He called for greater congressional oversight of domestic terrorism tracking.

Michael Masters, who directs SCN, which works closely with ADL in tracking threats, said that DHS’s argument that the move would increase efficiency was persuasive.

“I have been assured by DHS that the changes they have made will lead to better information-sharing and coordination between law enforcement partners, notably between DHS and the FBI,” he said in an email. “In this, it is my understanding that the changes were designed to not only improve the sharing of information but increase the likelihood that domestic terrorist events were stopped.”

What is it the ADL worried about?

Ryan Greer, the ADL’s director for program assessment and strategy, said the mission of tracking domestic terrorists would be diluted without a dedicated team.

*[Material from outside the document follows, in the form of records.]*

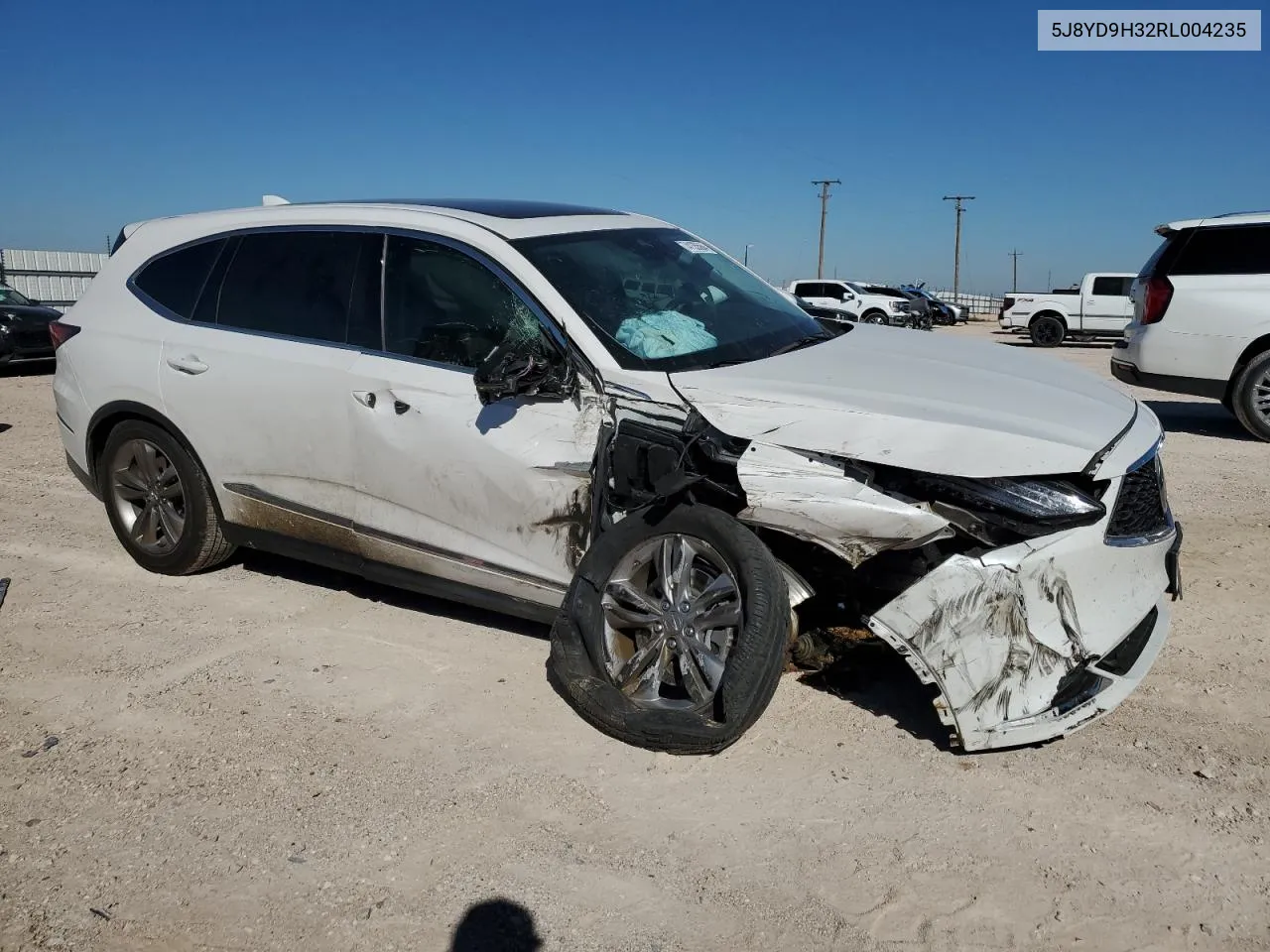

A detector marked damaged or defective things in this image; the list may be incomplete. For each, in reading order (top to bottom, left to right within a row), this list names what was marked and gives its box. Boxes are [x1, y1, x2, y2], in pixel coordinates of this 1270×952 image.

shattered windshield [0, 286, 32, 305]
shattered windshield [512, 227, 829, 373]
crashed white suv [50, 197, 1183, 754]
torn fender [734, 444, 952, 567]
damaged hood [675, 325, 1143, 476]
broken headlight [909, 472, 1103, 539]
crumpled front bumper [869, 512, 1175, 750]
torn fender [869, 520, 1175, 750]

“What they are saying is that other people who cover a range of issues, airline security, cybersecurity, maybe sometimes they will deal with domestic terrorism,” said Greer, who worked in senior anti-terrorism positions in the Obama administration’s State Department and Department of Homeland Security. “To say that the same person who will be focused on baggage handling policy or traffic control will have the same focus” as the disbanded team “is simply laughable.”

A properly functioning dedicated team would notice, for instance, that the alleged Pittsburgh attacker and the confessed New Zealand killer were in the same online forums, being radicalized by the same propaganda, Greer said.

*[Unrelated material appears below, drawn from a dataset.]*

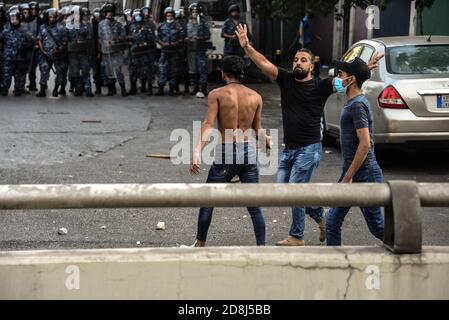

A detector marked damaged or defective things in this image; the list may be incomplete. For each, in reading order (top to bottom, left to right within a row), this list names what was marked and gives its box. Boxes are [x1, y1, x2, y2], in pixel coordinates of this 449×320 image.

cracked pavement [0, 84, 448, 251] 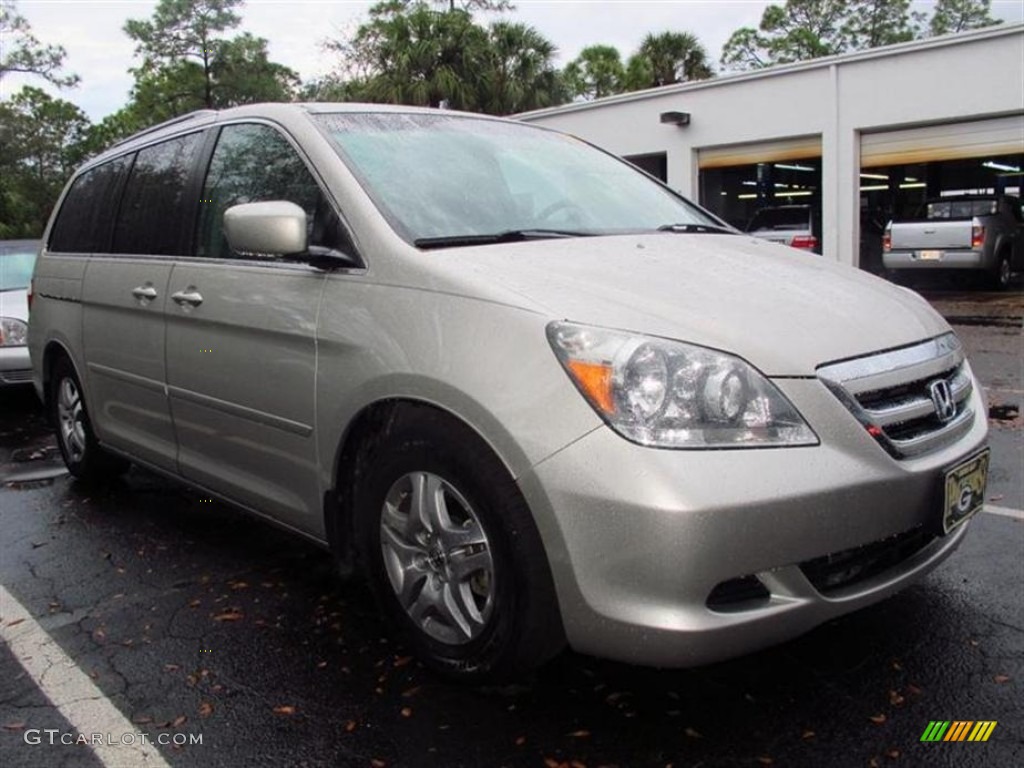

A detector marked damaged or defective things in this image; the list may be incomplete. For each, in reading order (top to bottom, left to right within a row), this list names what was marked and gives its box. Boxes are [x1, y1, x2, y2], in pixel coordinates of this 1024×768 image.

cracked asphalt [2, 290, 1024, 768]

John Cohen, a senior adviser at Rutgers University’s Institute for Emergency Preparedness and Homeland Security, said in an interview that he was sure that DHS would pass on tips of pending attacks. But he was concerned that the DHS clients, including local law enforcement and faith-based groups, could miss a bigger picture now that a dedicated team was not compiling reports.

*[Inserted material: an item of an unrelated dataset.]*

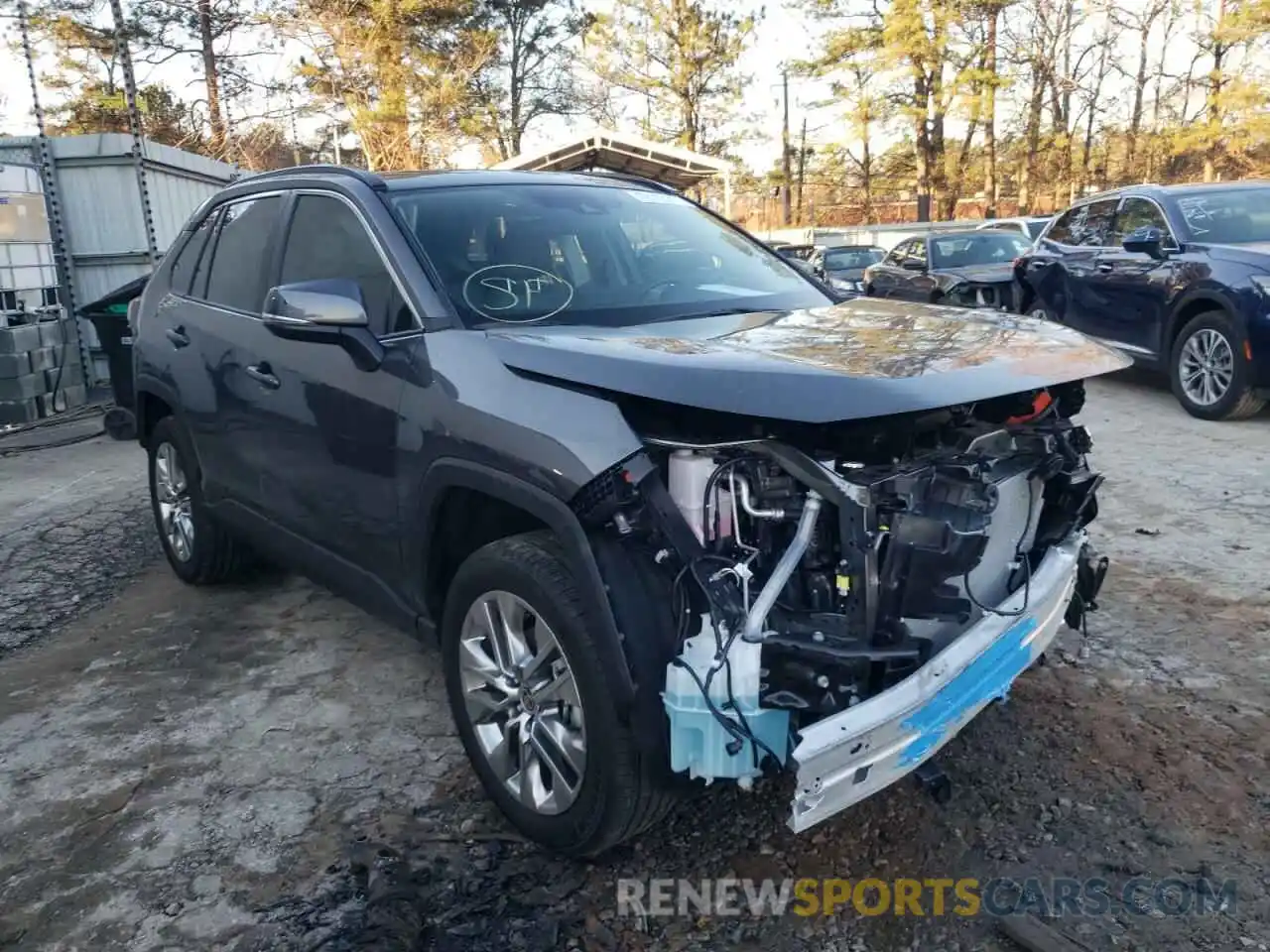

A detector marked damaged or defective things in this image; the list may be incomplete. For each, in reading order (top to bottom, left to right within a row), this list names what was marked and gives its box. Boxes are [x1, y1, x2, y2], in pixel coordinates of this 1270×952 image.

damaged gray suv [131, 167, 1132, 863]
crumpled hood [484, 299, 1132, 423]
missing headlight cavity [573, 381, 1102, 807]
damaged front grille area [572, 388, 1107, 807]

“There’s no doubt DHS will share information on potential attacks,” he said. “What I’m more concerned about is whether faith-based organizations and others getting more strategic analysis that allows them to understand the threat environment and take steps to secure communities and congregations.”

So we’re losing an important means of tracking the rise of white supremacists?

This is where it gets really complicated. Whether white supremacy is on the rise depends on how you assess it, and whether DHS tracking has been any help at all is also an open question.

JINSA’s Pomerantz says that the threat from white supremacists was more lethal when he was at the FBI in the 1980s and 1990s, noting the 1984 assassination of Jewish talk show host Alan Berg, attacks on synagogues and the existence of The Order, an armed white supremacist militia. Pomerantz said he believed the more imminent threat was from radical Islamists, who he said are organized and control territory overseas in a way that white supremacists do not.

Armed police patrol outside a mosque in central Christchurch, New Zealand, following a deadly terrorist shooting, March 15, 2019. (AP Photo/Mark Baker)

The ADL released a study, however, noting that “extremist-related murders in 2018 were overwhelmingly linked to right-wing extremists.”

“Largely absent from this list of killers were extremists motivated by radical interpretations of Islam,” Greenblatt wrote in an op-ed for the Jewish Telegraphic Agency. “Only one of the 50 murders had any connection to Islamist extremism — and even then the perpetrator had ties to white supremacy. In 2018, the US was thankfully spared the mass murders by Islamist extremists we’ve seen in recent years.”

Michael German, a fellow at the Brennan Center for Justice, agreed that white supremacists were better organized a generation ago, when he was working for the FBI undercover and infiltrating white supremacist groups. He cited one of the worst terrorist attacks on US soil, the 1995 bombing of a federal building in Oklahoma City.

But German, an expert on extremism, said that law enforcement tracking of white supremacists was also hampered structurally. Law enforcement staffing tends to be overwhelmingly white, and officials historically have been likelier to play down the threat from the communities with which they are familiar.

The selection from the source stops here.